Un ejemplo tipo fue la vida del beato José Maria Escrivá de Balaguer, Marqués de “no sé qué”. En su predicación, en su gestión y en su estampa social, sobreabundó lo devoto por encima de sus conocimientos teológicos, o de sagradas escrituras. Este beato ganó más con rosarios que con sus conocimientos.
Y la devoción no es fuente de ciencia. En ambientes de intensa devoción se originan desviaciones, alucinaciones y algún que otro desastre. La misma ansiedad por conseguir ya la verdad, y el miedo a aceptar la realidad, conduce a la fácil devoción como póliza de seguros que cubre todas las incidencias.

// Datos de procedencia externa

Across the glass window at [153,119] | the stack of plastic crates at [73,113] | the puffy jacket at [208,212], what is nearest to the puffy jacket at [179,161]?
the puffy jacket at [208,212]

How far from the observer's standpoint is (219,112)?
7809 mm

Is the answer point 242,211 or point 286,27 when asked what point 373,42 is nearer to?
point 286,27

Es fácil refugiarse en el burladero del misterio y lo devoto. Ejemplos: El pontificado y la eucaristía han sido el termómetro del cristianismo. Estudiar la historia de la eucaristía y la historia de los papas, es estudiar la historia de la Iglesia. Habrá que reconocer que es difícil encontrar a Jesús en el Vaticano y, de igual modo difícil, encontrar a Jesús en nuestras eucaristías. De ahí que muchos creyentes, firmes en Jesús, huyan hace tiempo de las conferencias episcopales y de sus misas parroquiales.

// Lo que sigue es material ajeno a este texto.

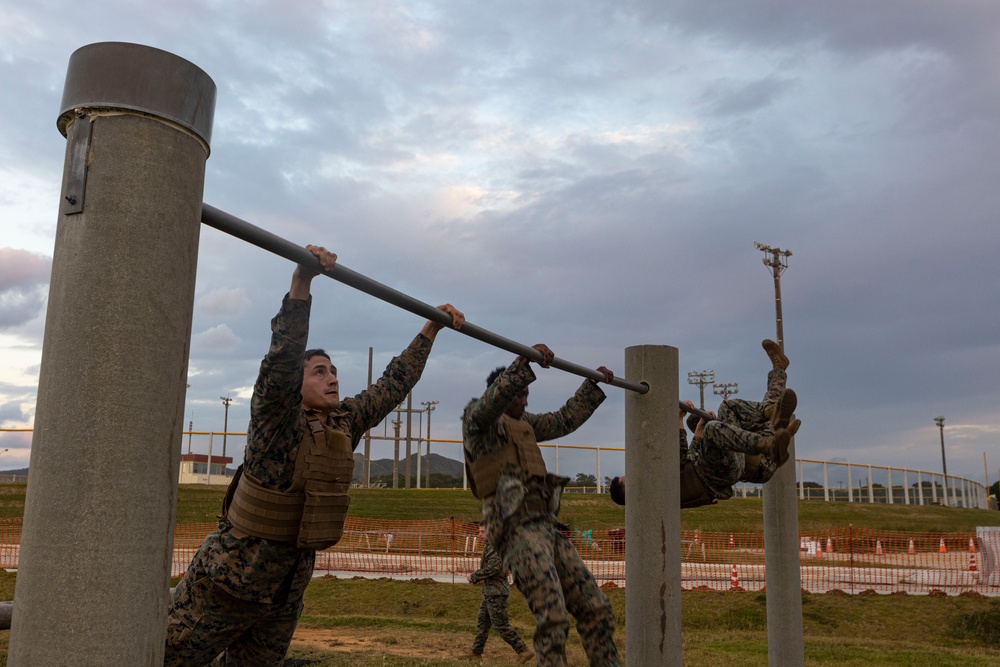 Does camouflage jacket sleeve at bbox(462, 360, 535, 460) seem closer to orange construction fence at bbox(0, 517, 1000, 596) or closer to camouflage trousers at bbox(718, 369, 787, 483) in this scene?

En la Edad Media se montó un suflé devoto sobre los Santos Pontífices y sobre el culto eucarístico. Y el problema es que esas dos devociones no se adecuan muy bien con la realidad evangélica. La falta de revelación se rellena con el misterio y la devoción.
No podemos abusar de lo misterioso y de la devoción. En la Edad Media, “el cuerpo de Jesús” dejó de ser su vida, su comportamiento, su forma de ser hombre, para convertirse (transustanciarse) en huesos, nervios, venas. Alguien, seguro un devoto, incorporó aquello de Misterium fidei. Así, convertida en misterio, la mesa hace menos daño. Más que vivir a lo Jesús, basta con tragárselo y adorarlo.

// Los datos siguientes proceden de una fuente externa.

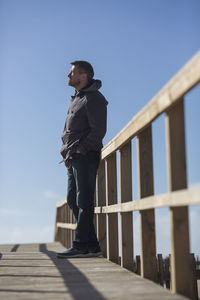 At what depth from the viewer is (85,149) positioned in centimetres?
447

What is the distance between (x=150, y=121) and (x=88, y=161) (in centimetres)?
173

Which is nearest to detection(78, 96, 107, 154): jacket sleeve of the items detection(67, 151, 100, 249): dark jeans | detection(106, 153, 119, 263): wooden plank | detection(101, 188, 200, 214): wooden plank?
detection(67, 151, 100, 249): dark jeans

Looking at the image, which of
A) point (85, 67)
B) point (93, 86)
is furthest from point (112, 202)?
point (85, 67)

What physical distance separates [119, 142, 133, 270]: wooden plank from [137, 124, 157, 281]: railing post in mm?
674

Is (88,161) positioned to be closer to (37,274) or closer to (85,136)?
(85,136)

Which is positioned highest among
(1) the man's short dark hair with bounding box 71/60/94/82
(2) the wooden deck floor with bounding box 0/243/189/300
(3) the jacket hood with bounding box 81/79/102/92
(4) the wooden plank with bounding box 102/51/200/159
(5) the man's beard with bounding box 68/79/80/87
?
(1) the man's short dark hair with bounding box 71/60/94/82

Una santa monja devota, Juliana de Mont Cornillón, a media noche vio una mancha negra en la luna iluminada. Estaba claro: en el año litúrgico faltaba una fiesta eucarística. Por aquellos días, un monje que dudaba de la transustanciación vio mientras decía misa, cómo de la sagrada forma brotaba sangre y manchaba el mantel del altar. El papa Urbano IV instituyó la fiesta del Corpus Christi.
Yo no sabría decir si la iglesia, al olvidarse del Jesús de Nazaret, necesitó un altar en vez de una mesa, o que al paganizarse, era más armonioso cambiar la mesa por un altar a la antigua usanza.
Lo que sí estoy seguro, por mi fe en Jesús, es de que su iglesia se reformará, se vivificará en la medida en la que todos seamos capaces de volver juntos a la mesa, para celebrar el único gran misterio: que Dios nos ama.